*** Opening Source data ***

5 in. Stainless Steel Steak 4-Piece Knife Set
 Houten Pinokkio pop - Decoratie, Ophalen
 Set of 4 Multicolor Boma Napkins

*** Closing Source data ***

▸ Your instructions
Nothing in the listing above may be altered; transcribe all of it.

▸ Task response
5 in. Stainless Steel Steak 4-Piece Knife Set
 Houten Pinokkio pop - Decoratie, Ophalen
 Set of 4 Multicolor Boma Napkins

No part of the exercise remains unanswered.